I’ve been called here today on behalf of my friend Khalil Harris who was killed by 115. I’ve been traumatized but I will not give up on my friend. Me and Khalil have been friends since we were kids. So it shattered me when he got shot.
Me and Khalil were in the car driving home and 115 pulled us overdue a “lane change” but I knew something was off based on 115 body language. He roughly searched Khalil and he didn’t tell us why he pulled us over. The cop walked away. Khalil trying to keep me calm and smooth talk me.
Khalil pulls out a hairbrush and not even under 3 seconds 115 pulls the trigger and shoots Khalil. I got out of the car and tried to reassure and help Khalil but 115 handcuffed me as I watched Khalil die.
I support that America is guilty of human rights violations against African-Americans through the criminal justice system. “Everyone is entitled to all the rights and freedoms set forth in this Declaration, without distinction of any kind, such as race, color, sex, language, religion, political or other opinion, national or social origin, property, birth or other status.

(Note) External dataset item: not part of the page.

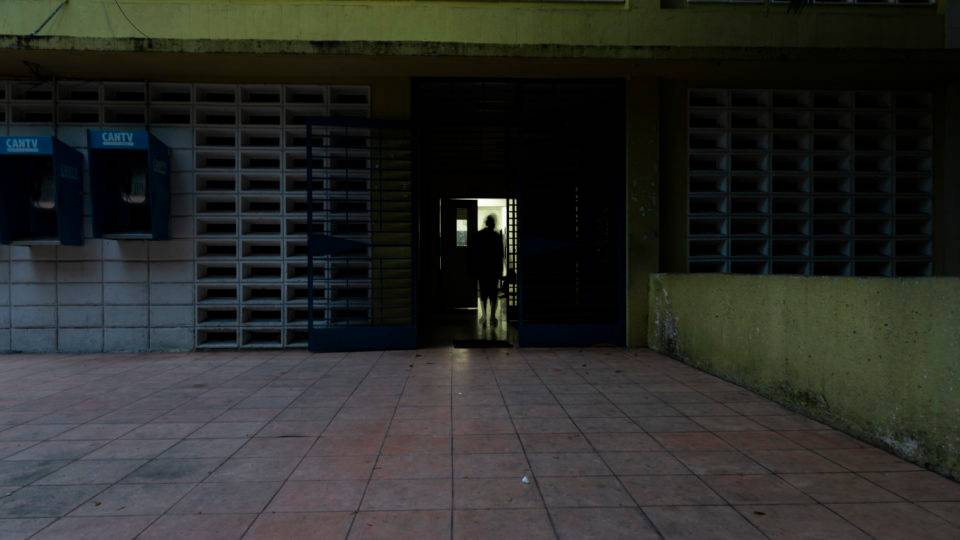 Colapso da Venezuela atinge duramente pessoas com doenças mentais A maior parte do Hospital Psiquiátrico de Caracas, Venezuela, está no escuro porque a administração não consegue comprar novas lâmpadas. 15 de agosto de 2019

This matter most to my character because it isn’t being followed.” That was a piece from the specific human rights.
This was not being followed. 115 saw color and assumed my friend Khalil Harris was dangerous. May he rest in peace. Justice will be served, that’s all.
This was a beautiful perspective.
I liked how you talked about this from the perspective of Starr.
To follow up with the quote, “America is guilty” I completely agree. This nation doesn’t hold itself to the standards it holds it people to
This was great to understand the point of view of someone who was there!
Omg! Literally love this book so much and the image you used speaks volumes.
Wow! this was very touching. I like how you wrote from the protagonist perspective! Grabbed my attention.
Excellent post; I liked The Hate You Give and the way you explained your viewpoint on the guilt of America. I also appreciated how you brought up the assumption that black guys are automatically viewed as violent due to their skin tone. What has reading this book changed for you regarding racism and inequality?
Hi, I like the statement you used about the officer only seeing color. A lot of people today say they don’t see color or refuse to acknowledge racial inequities. A question for you that is have you read any other books that included a minority besides Black people experiencing racial violence or other injustices, and how did they impact you?
I really loved your side of this debate. I too agree that America is guilty. Do you believe that this justice system is based on the premises of slavery?
The ways in which racism and violence against black people are justified by societal preconceptions of them are crazy. These preconceptions defend white communities, including the pupils at Starr’s school. How does grief have a way of alienating you? What are the invisible losses of losing someone?
I read “The Hate you Give” in the 9th grade and I loved it. Your post really took me back to when I first read it. Your first-person view really allowed me to feel the emotions I had while reading the book. My question is, what was the strongest emotion did you have while reading?
I love your references and your connections. I enjoyed reading this.
This is my favorite post, The Hate U Give is one of my favorite movies and to see how you created a post from the protagonist’s pov really caught my attention. I think that was really creative of you.
I love the pov. It’s very unique and different. I respect this heavily.